Depuis sa création en 1989, Technologia s’est donné pour mission de mettre la technologie au service des humains. Le choix du nom n’est pas anodin : face à la montée en puissance des progiciels de gestion et des systèmes informatiques qui, hier, ont commencé à impacter négativement les conditions de travail, notre action a toujours privilégié une approche centrée sur l’humain. Aujourd’hui, avec l’émergence de l’intelligence artificielle, cette mission prend une dimension encore plus cruciale. Au-delà des suppressions de tâches, l’IA entraînera une mutation profonde des emplois eux-mêmes, et même une suppression massive d’emplois dans certains secteurs… l’altération des capacités cognitives de la majorité de la population se fait déjà ressentir. 


Face à cette menace, Technologia propose des applications opérationnelles et incontournables, conçues pour accompagner salariés, représentants du personnel et syndicats dans la compréhension et la gestion de ces transitions. Ces outils permettent notamment de :
 

  • Faciliter l’accès à l’information juridique et sociale par des interfaces adaptées (fonction FAQ)
  • Faciliter la communication en direction des adhérents et des salariés, avec le support de spécialistes dans le domaine, des Community managers
  • Réaliser des sondages (fonction sondage)
  • Favoriser un dialogue constructif entre les différents acteurs (fonction chat)
  • Aider à mieux comprendre les situations de travail et les enjeux économiques par l’analyse des données
     

Les organisations syndicales doivent se doter de « data analysts » car les données sont essentielles dans les processus de compréhension des phénomènes et donc de négociation.


C’est vital !!! Aucune organisation économique, politique, activistes… ne peut envisager d’être au-devant de la scène sans une approche numérique structurée !
Par ailleurs, les organisations syndicales doivent revoir leur rapport à l’expertise. Les directions sont bardées d’experts stratégiques, techniques, juridiques… Il faut combiner les forces entre celles issues des compétences internes et celles externes.


Prenons l’exemple de la complexité des analyses stratégiques qui conduisent à l’émergence des risques psychosociaux dans grand nombre d’entreprises en restructuration permanente. Ce n’est pas en « dénonçant des situations de détresse que l’on se fait toujours entendre » Les directions des ressources humaines tente le plus souvent de relativiser si ce n’est disqualifier la parole du leader syndical : ‘votre jugement repose sur l’avis de dix personnes que vous avez croisées dans les couloirs’. En revanche, un expert peut déployer des outils plus puissants, démultipliant les données analysées aboutissant d’une part à une analyse quantifiée des risques.
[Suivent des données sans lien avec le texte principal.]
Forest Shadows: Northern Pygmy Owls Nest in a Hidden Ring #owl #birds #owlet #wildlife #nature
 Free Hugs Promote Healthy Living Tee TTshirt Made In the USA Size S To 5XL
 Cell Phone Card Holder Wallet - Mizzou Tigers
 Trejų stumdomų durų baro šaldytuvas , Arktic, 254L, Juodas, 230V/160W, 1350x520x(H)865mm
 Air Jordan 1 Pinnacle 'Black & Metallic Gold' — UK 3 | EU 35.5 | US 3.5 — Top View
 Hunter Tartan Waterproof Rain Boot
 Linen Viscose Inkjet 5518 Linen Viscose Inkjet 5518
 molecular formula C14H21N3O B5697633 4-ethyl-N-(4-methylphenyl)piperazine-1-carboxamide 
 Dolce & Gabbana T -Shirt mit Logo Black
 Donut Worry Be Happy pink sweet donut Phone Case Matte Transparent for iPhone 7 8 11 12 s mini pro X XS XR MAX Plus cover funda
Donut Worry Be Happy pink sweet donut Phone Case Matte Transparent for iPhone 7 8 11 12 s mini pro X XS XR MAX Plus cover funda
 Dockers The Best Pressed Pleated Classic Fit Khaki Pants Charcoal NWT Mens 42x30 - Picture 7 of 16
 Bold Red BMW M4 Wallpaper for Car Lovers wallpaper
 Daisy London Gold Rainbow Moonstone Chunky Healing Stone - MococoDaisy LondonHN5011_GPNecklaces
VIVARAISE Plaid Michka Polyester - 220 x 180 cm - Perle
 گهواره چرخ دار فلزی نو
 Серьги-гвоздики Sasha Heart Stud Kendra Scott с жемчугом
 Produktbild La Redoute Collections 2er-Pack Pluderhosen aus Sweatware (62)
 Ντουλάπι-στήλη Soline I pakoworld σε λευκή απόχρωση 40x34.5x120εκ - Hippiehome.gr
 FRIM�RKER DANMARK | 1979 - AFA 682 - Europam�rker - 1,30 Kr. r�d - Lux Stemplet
Il peut proposer une comptabilité analytique des risques psychosociaux afin de permettre de mesurer les externalités négatives liées au mode d’organisation et de management.


D’autre part, l’expert s’appuyant sur l’analyse des données peut questionner la stratégie de l’entreprise qui ne peut se faire qu’avec l’adhésion des salariés. C’est la notion de leadership qui est remise en question, au service des salariés et des entreprises qui les emploient.


Le syndicalisme d’aujourd’hui doit conjuguer tradition et innovation. Dans un monde aussi complexe et mouvant que celui du numérique et de l’intelligence artificielle, il est essentiel de bâtir des réseaux d’expertise ouverts, pluridisciplinaires et renouvelables. Afin de permettre aux syndicats de ne pas rester isolés, de croiser les regards, et d’anticiper les défis à venir avec davantage de robustesse et d’agilité. C’est une voie exigeante, mais indispensable pour préserver la place des travailleurs dans la société et pour continuer à défendre efficacement leurs droits, dans un monde où la technologie ne doit jamais devenir une fin en soi, mais un moyen au service de l’humain.